### Source material
* * * *
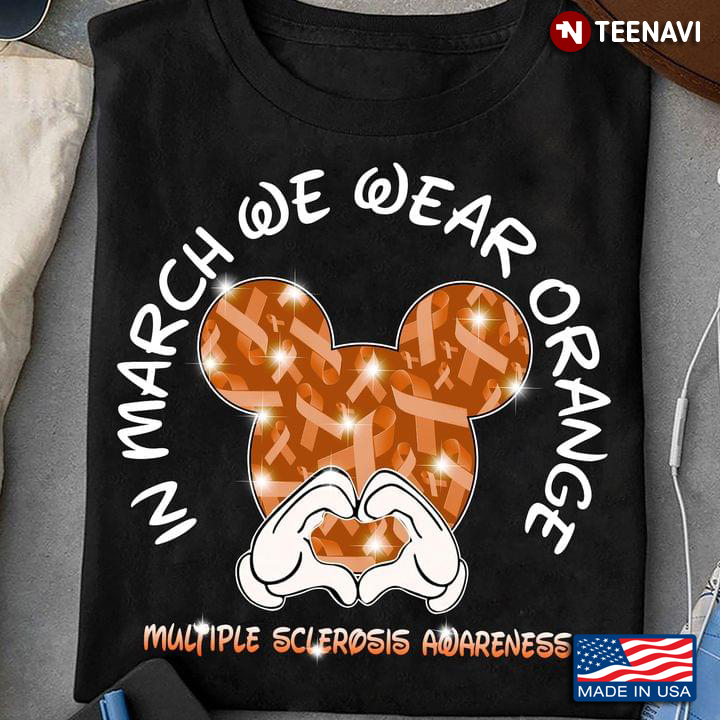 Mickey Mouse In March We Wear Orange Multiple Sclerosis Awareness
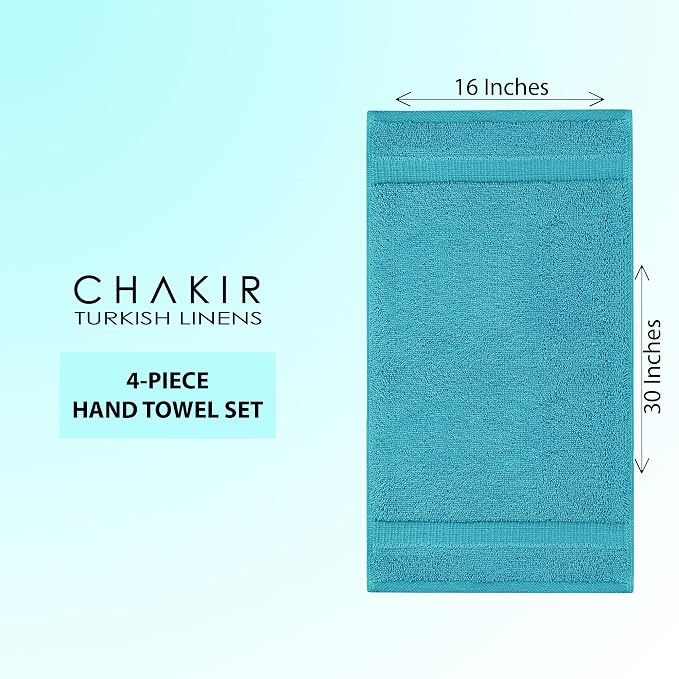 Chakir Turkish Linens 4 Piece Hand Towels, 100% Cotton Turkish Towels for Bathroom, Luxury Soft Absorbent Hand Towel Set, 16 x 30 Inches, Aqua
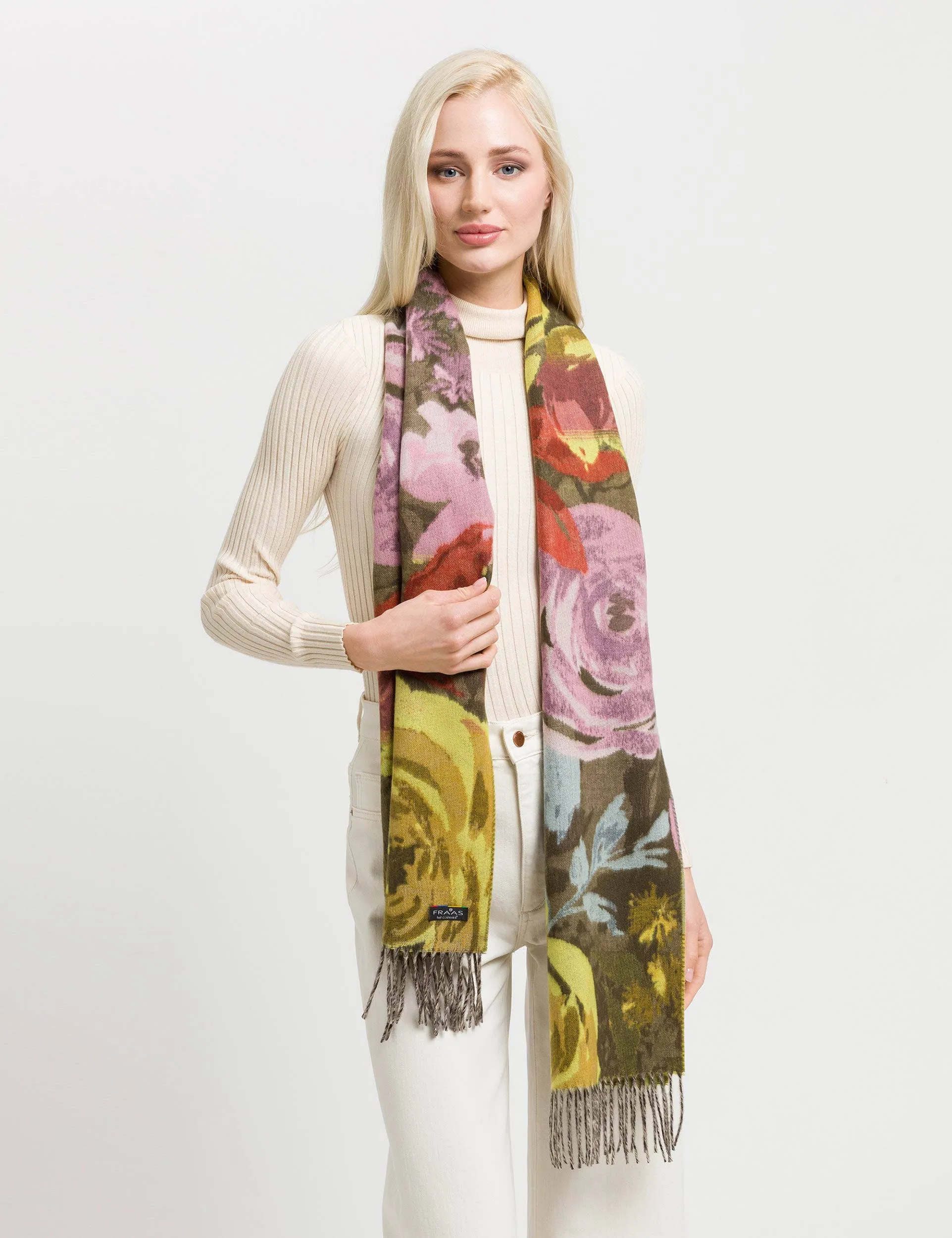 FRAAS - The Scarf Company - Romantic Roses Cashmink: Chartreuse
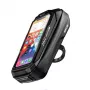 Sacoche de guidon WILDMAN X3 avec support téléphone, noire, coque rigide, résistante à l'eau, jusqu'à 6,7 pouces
* * * *
### Problem
An exact copy is needed of the lines from the start of the listing through the line with "FRAAS - The", both end lines included and pictures excluded.

### Answer below
 Mickey Mouse In March We Wear Orange Multiple Sclerosis Awareness
 Chakir Turkish Linens 4 Piece Hand Towels, 100% Cotton Turkish Towels for Bathroom, Luxury Soft Absorbent Hand Towel Set, 16 x 30 Inches, Aqua
 FRAAS - The Scarf Company - Romantic Roses Cashmink: Chartreuse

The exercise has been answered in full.